The Making Of Melancholy

I’m not sure how much I have to say here, and it’d be easy for me to overwrite this, but I just finished bingeing all of Voices Rising: The Music of Wakanda Forever and it put me in a mood.

I’m impressed, I have to say before anything else, with the resources Marvel put into ancillary material around Wakanda Forever. Both the music docuseries and the official podcast (as far as I know, the first Marvel Studios has done) are fantastic, in ways both similar and dissimilar to how I felt, and feel, about HBO Max’s official podcast for Station Eleven.

We’re capable of so much if just we were to seek each other out, make safe spaces to be who each of us is, and collaborate as curious equals. Nonetheless, somehow we can’t stop ourselves from destroying everything around us.

There are obvious ways in which those two exemplars of official “making of” material are very, very different. While they seem to share that the environments of their respective creative endeavors were joyous and safe, something like Wakanda Forever and its careful, deliberate intentions toward disparate cultures somewhat sets it into its own sphere.

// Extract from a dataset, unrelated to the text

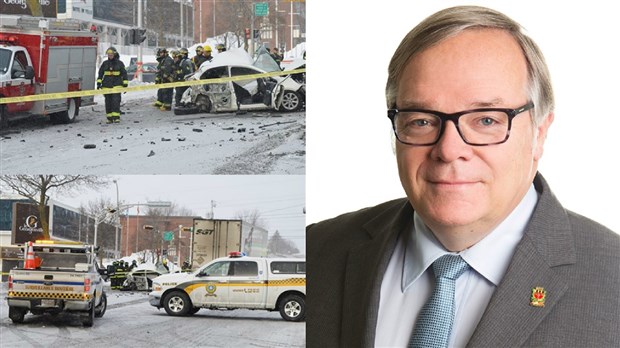 Luc Provençal, maire de Beauceville, déplore l'accident survenu à St-Georges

In both cases, though, these official “making of” channels are suffused with this idea that we have so much capacity for amazement, to be amazing and to be amazed, if only we’d choose to be open to one another.

These sorts of things are a sort of melancholy, because if we are capable of making worlds together in ways that leave everyone feeling—and being—seen and heard, then what the fuck are we doing the rest of the time.